HD 100673

Observation data Epoch J2000.0 Equinox ICRS
- Constellation: Centaurus
- Right ascension: 11^{h} 34^{m} 45.66^{s}
- Declination: −54° 15′ 50.7″
- Apparent magnitude (V): +4.62

Characteristics
- Evolutionary stage: Main sequence
- Spectral type: B9V
- U−B color index: −0.21
- B−V color index: −0.08

Astrometry
- Radial velocity (R_{v}): +5.7±2.2 km/s
- Proper motion (μ): RA: −56.17±0.18 mas/yr Dec.: 16.19±0.20 mas/yr
- Parallax (π): 7.65±0.22 mas
- Distance: 430 ± 10 ly (131 ± 4 pc)
- Absolute magnitude (M_{V}): −0.96

Details
- Mass: 3.58±0.05 M_{☉}
- Radius: 4.7 R_{☉}
- Luminosity: 306 L_{☉}
- Surface gravity (log g): 3.54 cgs
- Temperature: 10,600 K
- Metallicity [Fe/H]: 0.50 dex
- Rotation: 0.733 days
- Rotational velocity (v sin i): 160 km/s
- Age: 238 Myr
- Other designations: A Cen, CPD−53°4637, FK5 2926, GC 15877, HD 100673, HIP 56480, HR 4460, SAO 239189

Database references
- SIMBAD: data

= HD 100673 =

Star in the constellation Centaurus

HD 100673, also known as A Centauri, is a single star in the southern constellation of Centaurus.
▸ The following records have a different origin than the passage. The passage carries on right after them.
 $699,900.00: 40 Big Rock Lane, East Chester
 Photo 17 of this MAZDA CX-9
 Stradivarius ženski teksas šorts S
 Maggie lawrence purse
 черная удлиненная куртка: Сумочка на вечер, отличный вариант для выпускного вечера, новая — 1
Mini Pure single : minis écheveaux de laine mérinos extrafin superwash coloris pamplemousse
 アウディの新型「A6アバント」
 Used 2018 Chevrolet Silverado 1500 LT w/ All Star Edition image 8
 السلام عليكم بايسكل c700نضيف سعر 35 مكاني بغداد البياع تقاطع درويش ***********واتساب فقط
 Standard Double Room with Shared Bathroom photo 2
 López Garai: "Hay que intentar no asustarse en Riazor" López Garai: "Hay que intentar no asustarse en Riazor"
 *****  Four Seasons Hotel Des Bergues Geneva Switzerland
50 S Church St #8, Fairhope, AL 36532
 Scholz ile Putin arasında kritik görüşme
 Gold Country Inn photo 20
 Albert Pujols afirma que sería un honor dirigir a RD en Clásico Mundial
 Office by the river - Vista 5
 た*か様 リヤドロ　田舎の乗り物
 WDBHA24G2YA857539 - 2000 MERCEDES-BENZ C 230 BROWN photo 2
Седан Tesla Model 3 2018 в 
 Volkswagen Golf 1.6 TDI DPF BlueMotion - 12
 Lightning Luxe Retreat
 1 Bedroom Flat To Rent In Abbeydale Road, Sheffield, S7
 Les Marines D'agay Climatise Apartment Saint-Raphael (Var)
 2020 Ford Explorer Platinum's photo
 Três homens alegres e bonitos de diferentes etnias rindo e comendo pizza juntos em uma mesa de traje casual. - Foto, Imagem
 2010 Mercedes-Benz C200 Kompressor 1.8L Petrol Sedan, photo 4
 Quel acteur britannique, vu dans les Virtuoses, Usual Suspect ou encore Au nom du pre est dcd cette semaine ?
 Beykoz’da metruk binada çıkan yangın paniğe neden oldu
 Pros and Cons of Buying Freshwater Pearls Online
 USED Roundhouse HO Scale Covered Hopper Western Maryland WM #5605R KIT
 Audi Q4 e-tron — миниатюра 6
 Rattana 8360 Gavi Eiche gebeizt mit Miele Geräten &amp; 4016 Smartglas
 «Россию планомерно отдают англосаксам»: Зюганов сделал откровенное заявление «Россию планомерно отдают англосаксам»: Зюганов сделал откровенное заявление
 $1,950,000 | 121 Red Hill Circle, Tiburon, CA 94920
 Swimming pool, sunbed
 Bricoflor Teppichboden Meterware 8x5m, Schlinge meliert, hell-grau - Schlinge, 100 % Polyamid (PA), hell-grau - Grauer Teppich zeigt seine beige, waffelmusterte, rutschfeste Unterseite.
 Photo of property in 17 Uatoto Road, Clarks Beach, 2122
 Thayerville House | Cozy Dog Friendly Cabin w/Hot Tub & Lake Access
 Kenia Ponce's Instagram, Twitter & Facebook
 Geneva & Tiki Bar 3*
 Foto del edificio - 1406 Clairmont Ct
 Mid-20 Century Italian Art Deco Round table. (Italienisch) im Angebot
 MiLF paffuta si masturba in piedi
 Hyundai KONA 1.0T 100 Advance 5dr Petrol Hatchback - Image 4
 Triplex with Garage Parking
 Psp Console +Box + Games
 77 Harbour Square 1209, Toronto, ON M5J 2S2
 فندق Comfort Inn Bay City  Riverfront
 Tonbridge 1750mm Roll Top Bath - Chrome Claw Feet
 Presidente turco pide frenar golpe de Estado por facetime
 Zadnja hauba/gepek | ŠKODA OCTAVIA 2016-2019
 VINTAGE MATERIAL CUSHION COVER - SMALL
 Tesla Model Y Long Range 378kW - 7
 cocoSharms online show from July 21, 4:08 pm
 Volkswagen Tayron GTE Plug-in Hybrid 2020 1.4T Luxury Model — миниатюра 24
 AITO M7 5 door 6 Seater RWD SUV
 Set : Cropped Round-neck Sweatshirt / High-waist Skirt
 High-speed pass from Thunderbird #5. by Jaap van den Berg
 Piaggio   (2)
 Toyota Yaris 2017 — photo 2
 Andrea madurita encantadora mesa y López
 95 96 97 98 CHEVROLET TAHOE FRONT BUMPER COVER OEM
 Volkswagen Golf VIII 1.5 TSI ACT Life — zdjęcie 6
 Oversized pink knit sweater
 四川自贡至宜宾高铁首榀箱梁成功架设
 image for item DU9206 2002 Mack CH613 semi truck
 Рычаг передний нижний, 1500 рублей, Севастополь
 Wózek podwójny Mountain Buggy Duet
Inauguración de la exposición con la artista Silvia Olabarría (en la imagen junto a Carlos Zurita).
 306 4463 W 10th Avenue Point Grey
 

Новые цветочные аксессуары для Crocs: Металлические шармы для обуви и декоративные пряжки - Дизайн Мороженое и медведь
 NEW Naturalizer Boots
It is blue-white in hue and is faintly visible to the naked eye with an apparent visual magnitude of +4.62. The star is located at a distance of approximately 430 light-years from the Sun based on stellar parallax. It appears to be drifting further away with a radial velocity of around +6 km/s.

This is a rapidly rotating Be star, showing an emission-line spectrum on top of the normal absorption spectrum of the star, due to a circumstellar disk of ejected matter. It doesn't show any absorption lines from the disk. It is a B-type main-sequence star with a stellar classification of B9V.